Через две недели после отъезда Эльбруса, 5 декабря 1941 года, утром, в девять часов, я шла в школу на второй урок. Выйдя на площадь перед театром я заметила, что там царит какое-то необычное, безмолвное оживление. У репродукторов, развешанных по углам площади, собирались люди, как всегда в те дни одетые в темное, с усталыми лицами. Сердце у меня екнуло. Привычка ежедневно слышать горькие слова о вновь оставленных городах и селениях подсказывала очередное сообщение в этом духе, а в этот раз оставить можно было только Москву.
Я застыла у репродуктора. Был пасмурный морозный день, падал сухой, мелкий снег… И вдруг из шипящего репродуктора раздался зычный голос Левитана и шумно разнесся над притихшей площадью. Он звучал необычно торжественно и радостно, ибо впервые за прошедшие полгода перечислял города, которые мы не оставили, а взяли обратно. Знакомые до боли подмосковные городки и поселки! Левитан называл цифры захваченных пленных, военных трофеев, сообщал число километров, на которое немцев отогнали от Москвы. Я слушала и не верила своим ушам. Счастье, невыразимая радость заливали меня, слезы, впервые за эти месяцы, не сдавленные, а свободные, слезы радости текли из глаз. И люди, стоявшие рядом со мною, переживали то же самое. Это было видно по их глазам, жестам, скупым улыбкам. И снова, как в Богдановичах или в темном классе многоэтажки, я ощутила счастье причастности к какому-то большому, единому целому, скрепленному одной судьбой и живущему одним дыханием.

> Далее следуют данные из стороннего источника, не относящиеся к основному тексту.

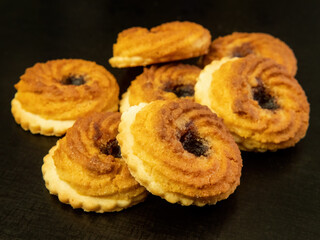 Delicious peacock eye cookies filled with cherry and bursting with fruity flavor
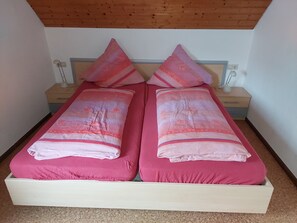 Un lit double avec une literie rose et des oreillers assortis, une tête de lit en bois, une table de chevet avec une lampe et une petite table de nuit avec une lampe.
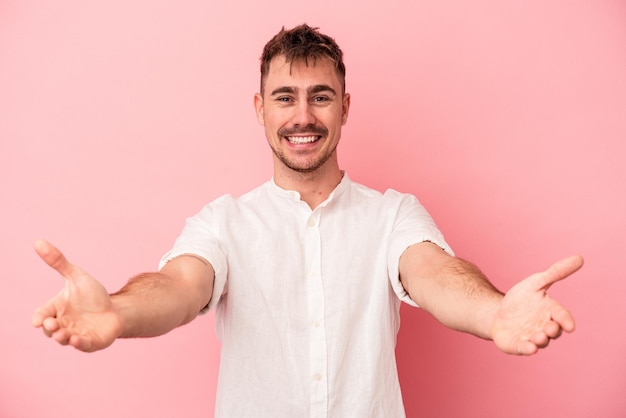 Young caucasian man isolated on pink background showing a welcome expression.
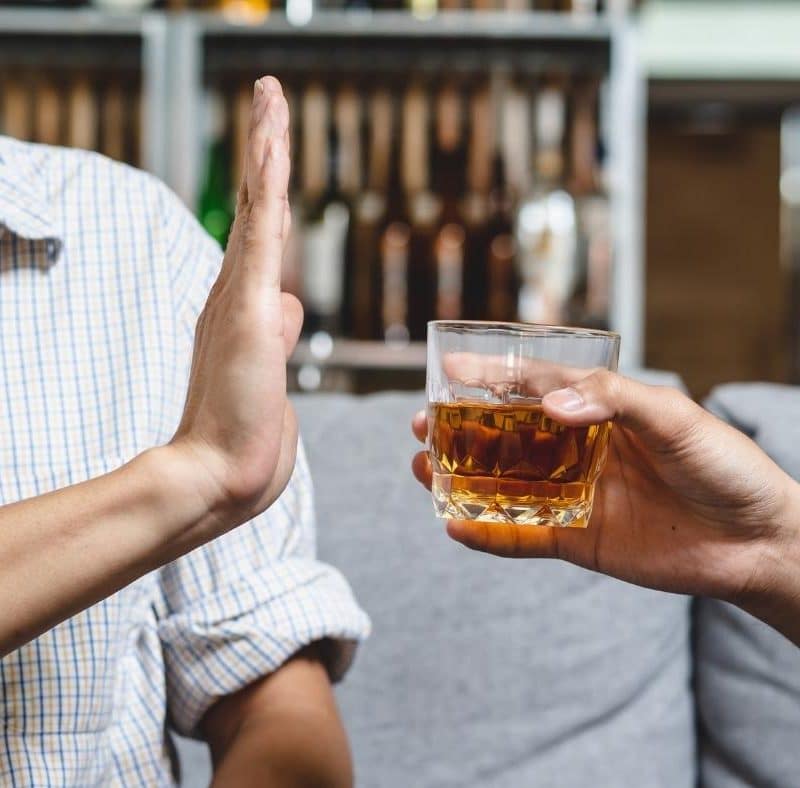 A man who knows how to stop drinking holds up his hand to decline a drink being offered to him.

Счастье было не просто в успехах нашей армии, а главным образом в том, что она, несмотря ни на что, выжила, не истощилась в страшной многомесячной битве с врагом, нашла силы при тридцатиградусном морозе в открытых полях под Москвой разгромить непобедимого до того момента врага. В этом была первая близкая, робкая надежда на возможность победы, на спасение от страшной черной чумы, бесконечная гордость за наших солдат, молодых офицеров и генералов, в боях проходивших школу той небывалой войны. В этот момент счастья странным образом сразу забылись страшные поражения первых месяцев, бездарность подготовки к отпору агрессии и даже истребление в 1938 году всего цвета нашего генералитета. Радость заслонила все!
Я выслушала заявление ТАСС до последнего слова, впитывая каждое, как жаждущий в пустыне — каждую каплю воды. Когда голос Левитана замолк, я посмотрела на часы и, поняв, что у меня есть еще полчаса времени до школы, бросилась обратно домой, чтобы рассказать маме и Изе о том, что узнала.
В этот день счастье не покидало меня и никакие неприятности не могли его поколебать. А примерно через три недели я переживала все сначала, сидя в кино и смотря кинохронику «Битва под Москвой», видя в лицо ее безымянных и названных героев, узнавая будущих полководцев, о которых впервые услышала в эти дни: Жуков, Рокоссовский, Конев, Доватор, Чуйков и многие другие — все они в бешеном темпе проносились перед нами на экране. Волна благодарности, отчетливо ощущаемая, неслась к ним из зала. Так целый месяц мы жили в атмосфере великого праздника. Потом снова наступили будни нашей нелегкой, трудовой жизни.